Cortar una rama de acebo silvestre en el monte es una infracción sancionable en buena parte de España, con multas que en algunas comunidades se cuentan por miles de euros. El Ilex aquifolium está incluido en los catálogos de flora protegida de Castilla y León, Castilla-La Mancha, Madrid, Extremadura y Andalucía, entre otras, precisamente porque durante décadas la recolección navideña arrasó acebedas enteras. Todo el acebo que se vende legalmente en diciembre procede de vivero, va etiquetado con su precinto de origen y se cultiva para eso.

Dicho lo cual, el acebo es mucho más que un adorno de temporada. Es un arbusto o arbolillo perenne, longevo, de crecimiento lentísimo y de una elegancia que pocas plantas de hoja perenne igualan en un jardín de clima fresco. Merece la pena tenerlo vivo y no cortado.

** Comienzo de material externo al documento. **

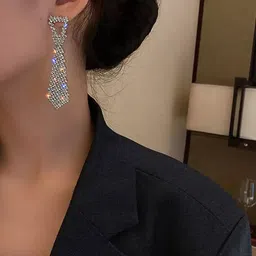 SALTY Artificial Stones Studded Drop Earrings image 3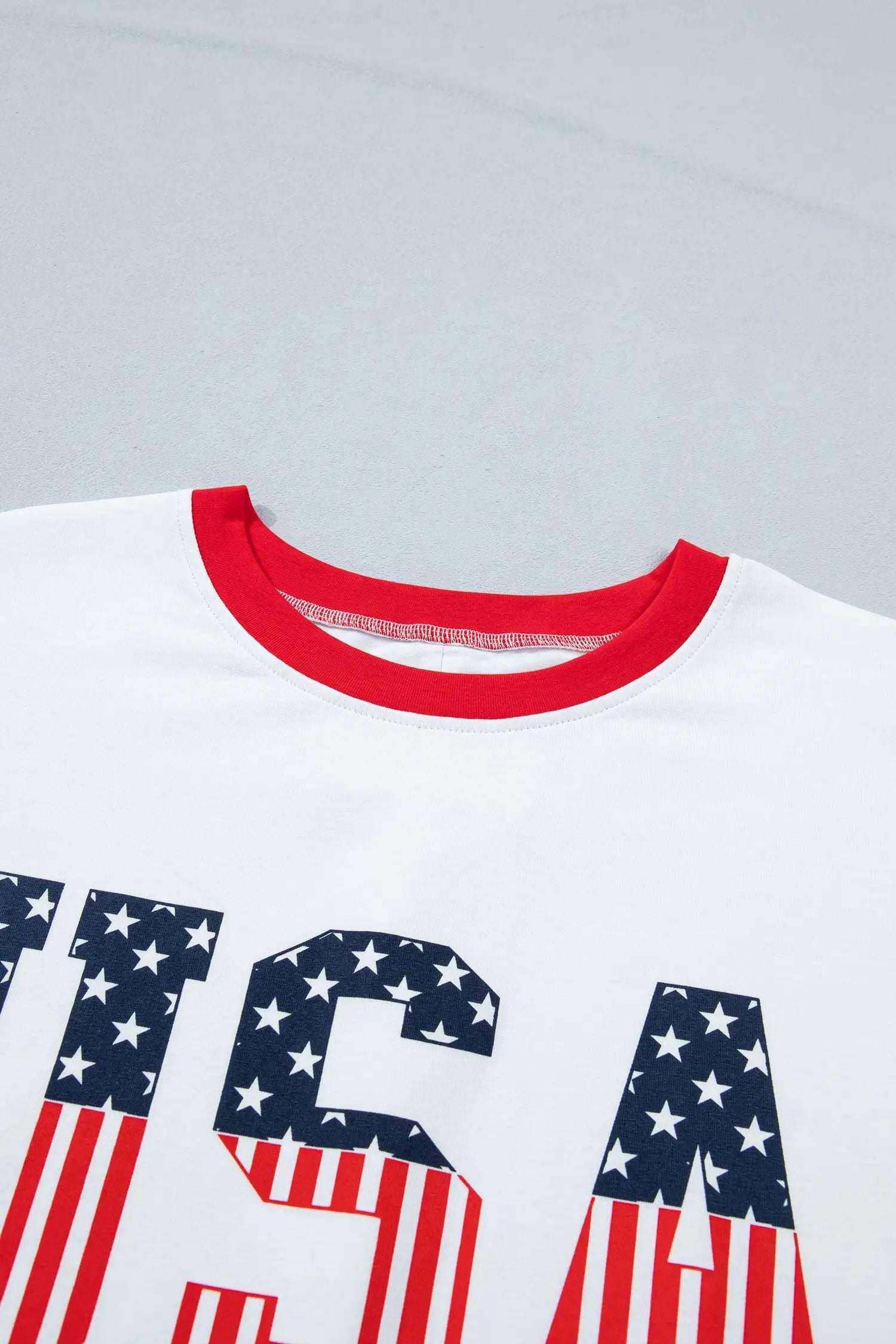 Dear-Lover Dropshipping Jet Stream Flag Print USA Graphic Patchwork Casual Tee - T-Shirts Graphic/Graphic Tees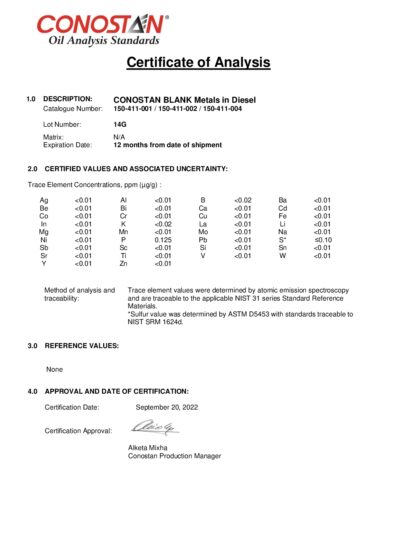 Primeira página: Certificado de análise, lote 14G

Ramas de acebo con hojas espinosas y frutos rojos

Qué planta es exactamente el acebo

Hablamos de Ilex aquifolium, de la familia de las aquifoliáceas, un arbusto o árbol pequeño que en condiciones buenas alcanza de 4 a 10 metros, y excepcionalmente 15 o más. En España es planta autóctona: hay acebedas notables en la Cordillera Cantábrica, el Sistema Ibérico, la Sierra de Ayllón (el famoso acebal de Garagüeta, en Soria, y el de Ayllón, en Guadalajara-Segovia), los Pirineos y algunos enclaves de montaña andaluza. Vive en el sotobosque de hayedos, robledales y pinares, sobre suelos frescos y con humedad ambiental alta.

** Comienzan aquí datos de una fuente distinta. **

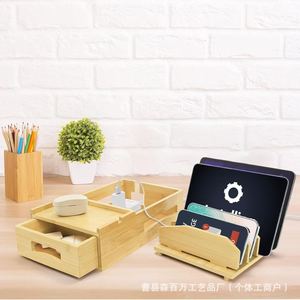 Bamboo Wood Cable Management Box Desktop Phone <b>Tablet</b> <b>Stand</b> Solid Wood Organizer Power Strip Storage Box - Product Image 3
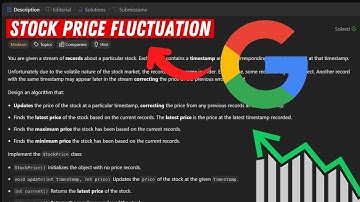 Stock Price Fluctuation - Google Coding Interview Question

La hoja es coriácea, brillante, de un verde oscuro casi barnizado, con margen ondulado y espinas duras. Y aquí conviene desmontar una idea muy extendida: no todas las hojas de un acebo pinchan. En un ejemplar adulto se ve perfectamente que las ramas bajas, al alcance de los herbívoros, llevan hojas fuertemente espinosas, mientras que las de la parte alta son casi enteras, con una sola punta terminal. La planta modula su defensa según dónde la muerden. Si compras un acebo pequeño y sus hojas pinchan mucho, no es un defecto: es su edad y su altura.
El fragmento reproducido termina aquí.